William I, Duke of Normandy and King of the English
Exactly when did William I The Conqueror become King of the English? Although he certainly became the De Facto King of the English when he defeated King Harold II at the Battle of Hastings in October of 1066, it was not until his coronation on Christmas Day of that year did he accede to the throne.
William may have hoped the English would surrender to his rule immediately after his his victory over Harold II at the Battle of Hastings in October, 1066, but that just was not the case. A swiftly convened meeting of the Wittan, comprising the English clergy and magnates, elected Edgar the Ætheling, King of the English. Edgar the Ætheling was of the House of Wessex and a nephew of King Edward the Confessor. The support for Edgar by the Wittan was very lukewarm.

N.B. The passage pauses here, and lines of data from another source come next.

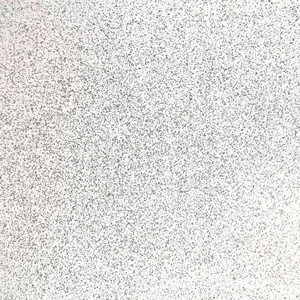 Плитка для полов "Гранит" серая  40x40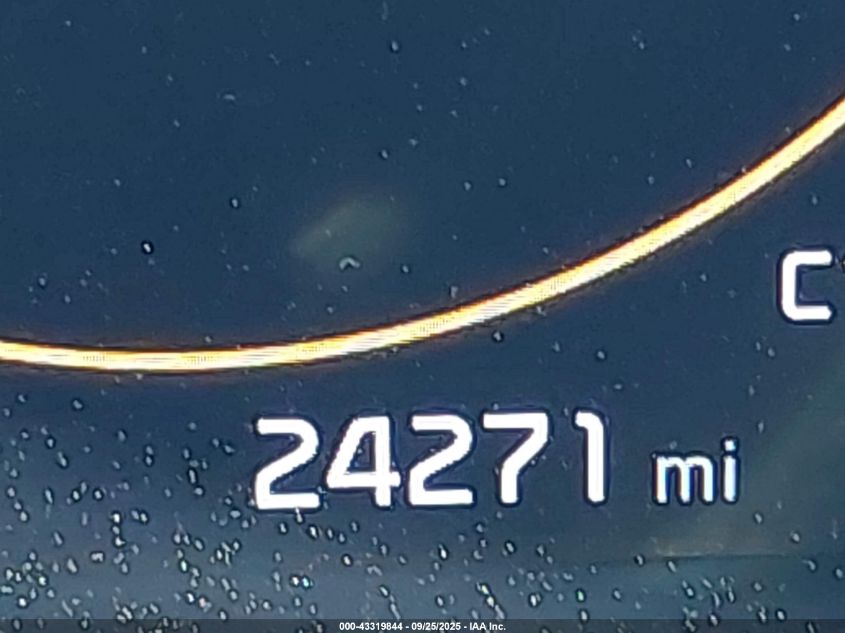 2024 Kia Telluride Sx Prestige X-Line VIN: 5XYP5DGC1RG513045 Lot: 43319844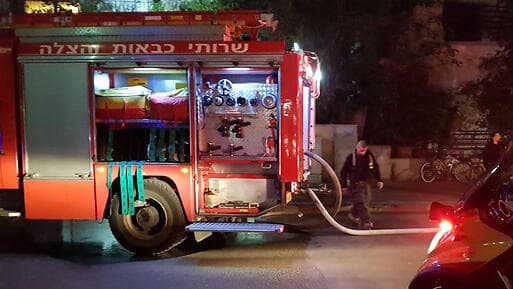 ארכיון (צילום: דוברות מד"א) ארכיון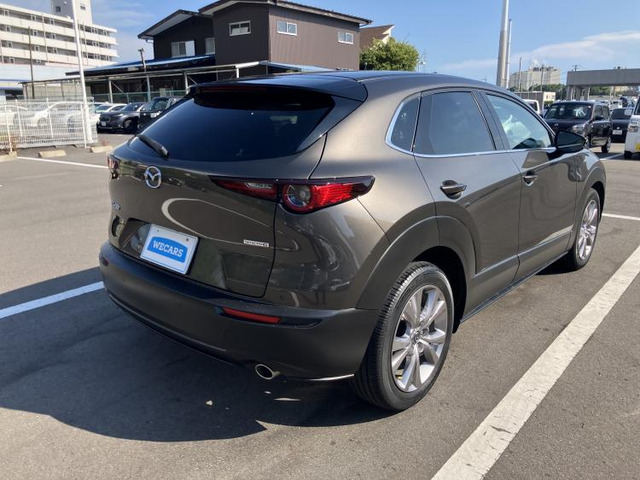 CX-302.0 20S プロアクティブ ツーリングセレクション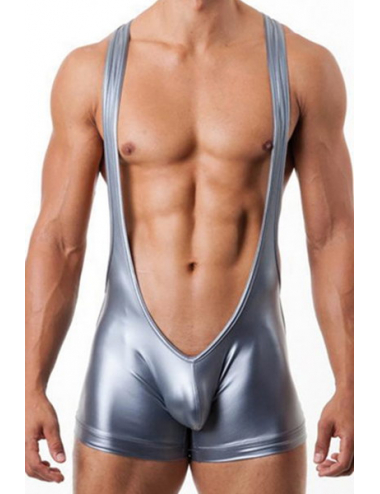 BODY HOMME MP001 ARGE M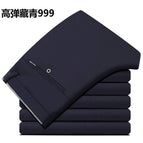 Summer thin 999 navy blue / 28 waist two feet one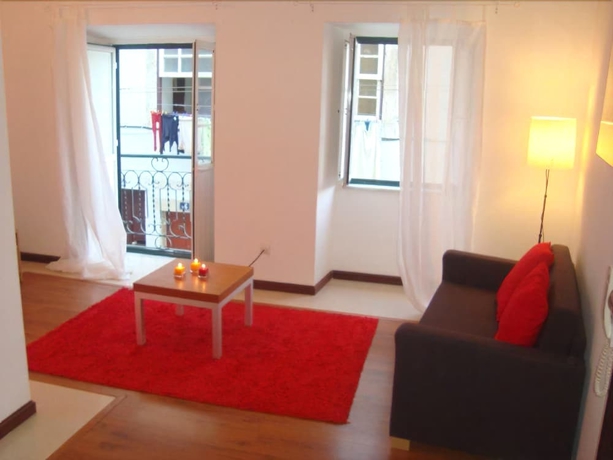 Imagen de la habitación del Apartamentos Lisbon Alfama - Santa Luzia Apartments. Foto 4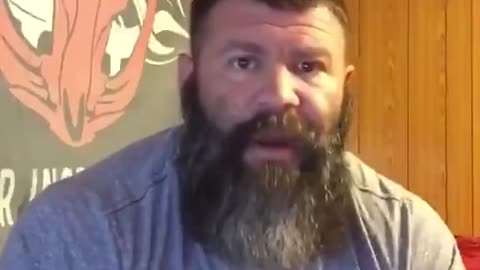 An American overseas in Iraq warns fellow Americans about local sentiments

Undeterred, William continued his conquest of England. He and his armies secured Dover, parts of Kent, and Canterbury, and also captured Winchester, where the royal treasury was located. These captures solidified his holdings in that region and also his line of retreat to Normandy, if that was needed. It was unnecessary.
William then marched northward to Southwark and into London in late November. Next he led his forces around the south and west of London, burning buildings of those in resistance along the way. He crossed the Thames at Wallingford in early December where Archbishop Stigand submitted to William.
He moved on to Berkhamsted soon afterwards where Edgar the Ætheling, Morcar, Edwin, and Archbishop Ealdred also submitted. This solidified his power in London where William began the construction of the Tower of London.
With his troops garrisoned in London William was crowned King of the English at Westminster Abbey on Christmas Day 1066.
Aldred, archbishop of York performed the Coronation ceremony in place of Stigand, archbishop of Canterbury. He presented the new king to the people, speaking in English with Bishop Geoffrey of Coutances speaking the words in French.
When the French-speaking Normans and English-speaking Saxons then shouted their approval the Norman soldiers outside thought the noise inside was an assassination attempt and began setting fire to houses around the Abbey.
Smoke filled the church and the congregation fled and riots broke out. Inside William and the officiating clergy completed the service despite the chaos.